• **Material provided**

*** Block opens ***

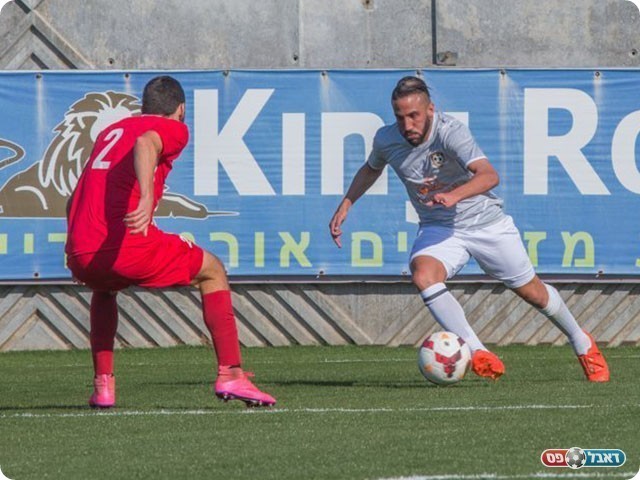 עומרי עטיה מנסה לעבור (רפי נחמיאס)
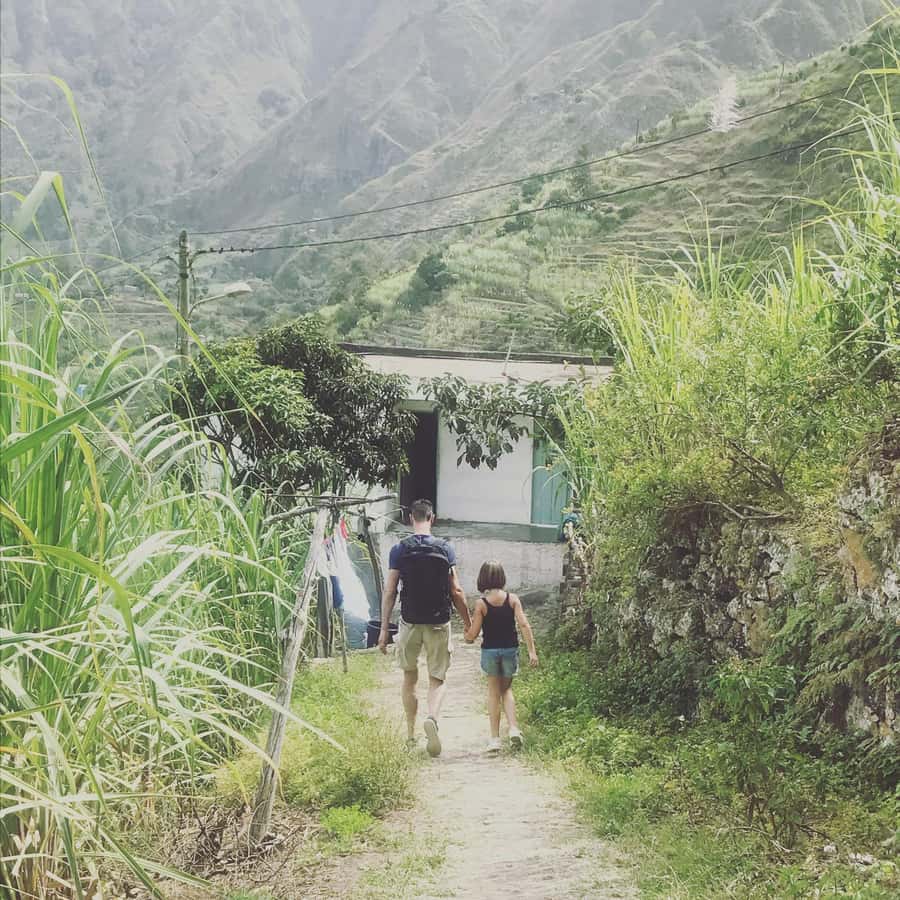 Paúl hike, the green garden - Getting there smoothly, then stepping into village life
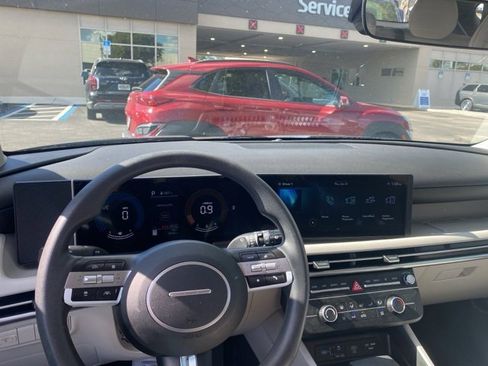 Used 2025 Hyundai Tucson SE image 9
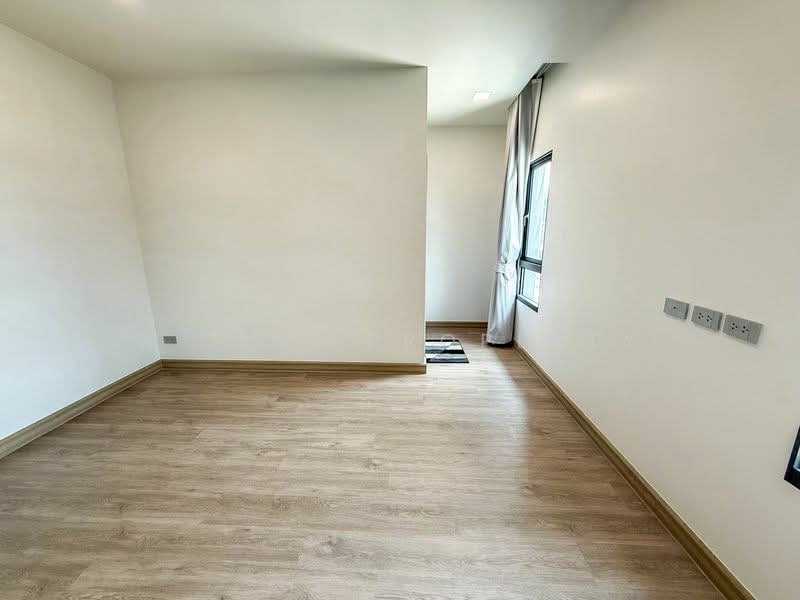 บ้านเดี่ยว แหลมฉบัง ศรีราชา, Chon Buri (Pattaya), Thung Suk La, Si Racha, Chon Buri (Pattaya), 4 Bedrooms, 200 sqm, Single Detached House For Sale, by A.T.A. Property, 500171884 - DDproperty.com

*** Block closes ***

• **Try it**
Could you give all of the data again exactly as written, omitting any pictures?

• **Task answer**
 עומרי עטיה מנסה לעבור (רפי נחמיאס)
 Paúl hike, the green garden - Getting there smoothly, then stepping into village life
 Used 2025 Hyundai Tucson SE image 9
 บ้านเดี่ยว แหลมฉบัง ศรีราชา, Chon Buri (Pattaya), Thung Suk La, Si Racha, Chon Buri (Pattaya), 4 Bedrooms, 200 sqm, Single Detached House For Sale, by A.T.A. Property, 500171884 - DDproperty.com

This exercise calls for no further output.